NPR #1. - From National Public Radio, now revised
In the early 1990s a producer at “All Things Considered” called and asked if I’d be willing to write a 3-minute essay and read it out loud on the air, and I said, I have absolutely no idea how to do that. Oh, it’ll be easy, he said, because I don’t think he was a writer. You just look out your window and write about what you see. So, this is a new version of the first piece I read on National Public Radio. I’ve named it…
LOOK OUT!
I was renting a beach house in South Carolina (this was cheap to do in the winter), so first I went out onto the deck to look at the ocean. The tide was low, and an old man sat in a folding chair out on a sandbar. Was that interesting? Next I went downstairs to the kitchen, but, instead of staring out at the beach, my eyes lit on the storm window and the layer of dead air and dead bugs between the world and me. I wasn’t getting this assignment right, so I wandered downstairs and sprawled in a big stuffed chair. Here the living room faced out to the street, and the large window was composed of small square panes, a lattice-work over the outside world. I watched a pregnant woman on roller skates glide by reading a letter. Was the letter from the old man sitting in the folding chair on the beach?
Unlikely, of course, but any window will try to create a composition, a frame, and the frame will want to hold a story, where one thing can exist in relation to another. So I finally understood the assignment, because the only frame I have ever used successfully is the one created by my eyeglasses.
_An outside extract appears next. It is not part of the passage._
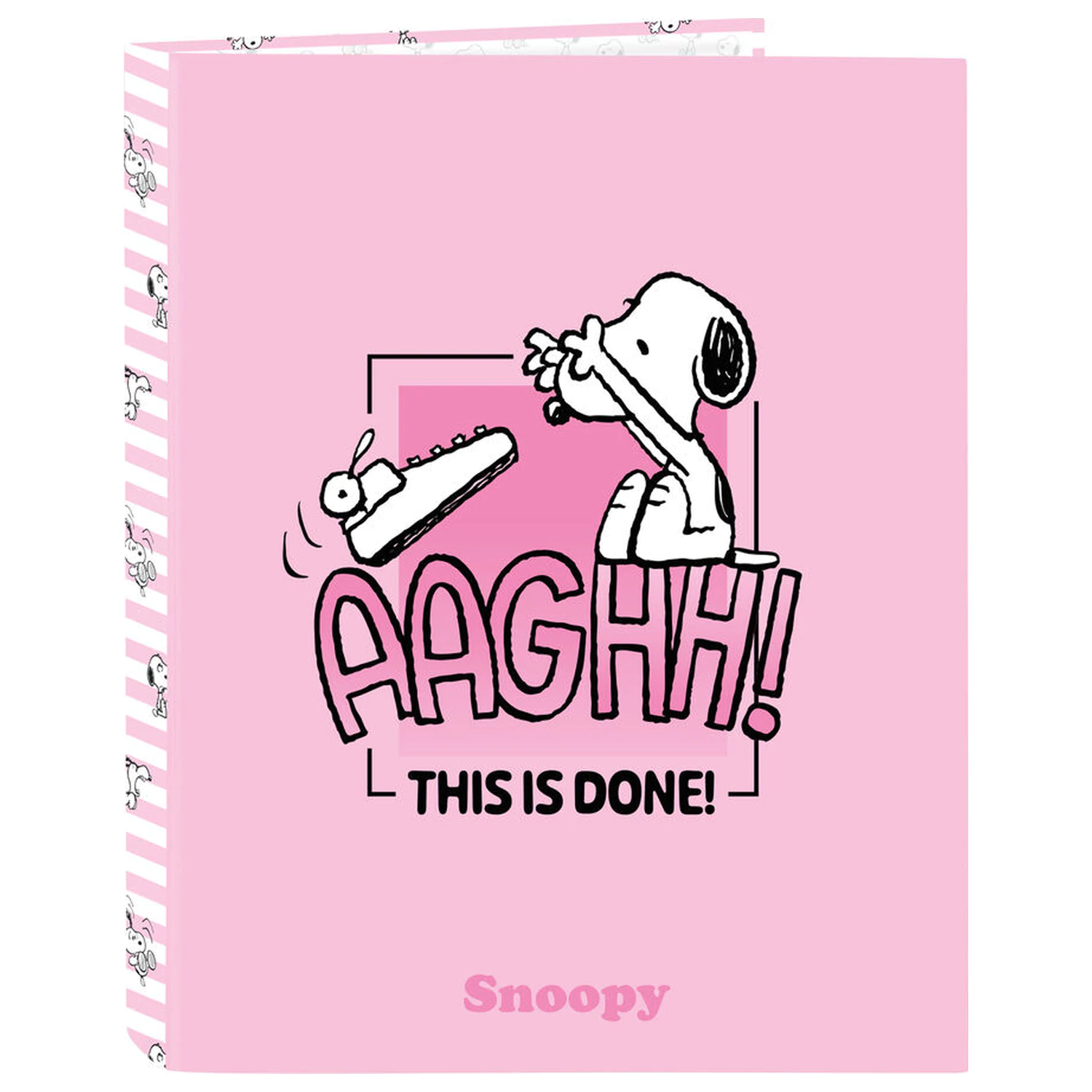 Snoopy A4 kartonska 4-obročna mapa fotografija izdelka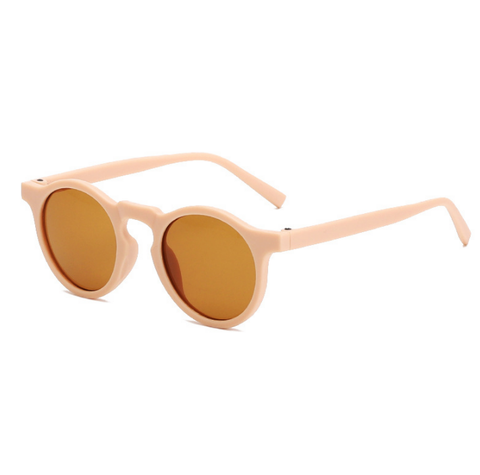 Classic Round Sunglasses - Soft Pink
I’m 78 years old now and I first got glasses when I was 8. I remember the thrill of seeing the world sharply, with clean edges and clear colors. The frames of the glasses bothered me at first because I had no peripheral vision, but I felt oddly secure behind this shield. A window, after all, requires an opaque structure that the window is part of. With eyeglasses, I could see out, but it was more difficult for others to see me. As I got older, I compounded this privacy with tinted lenses.
When contact lenses became available, I started wearing them, and for the first time the world appeared as it was: that is, it had no edges. All that peripheral vision made me nervous. I was seeing the world without a frame, and the world looked back. I worried that folks could read my feelings in my naked eyes. If I got bored or angry or sad, those reactions would become apparent, and I’d be caught with my emotions down.
When my sister asked what had happened to those new contact lenses – I’d gone back to wearing my tinted glasses – I said, “The eyes are the windows of the soul. I can’t have mine flying around that easily.”
Wonderful. I've been a big fan since my introduction to your early work. We have friends in common. Love your writing. Envy your students.
I had the exact experience when I got glasses--the color, the edges of things--and when I got contacts. The peripheral vision was A LOT. I most remember my first time in the shower with contacts in. It was the first time I could see in the shower!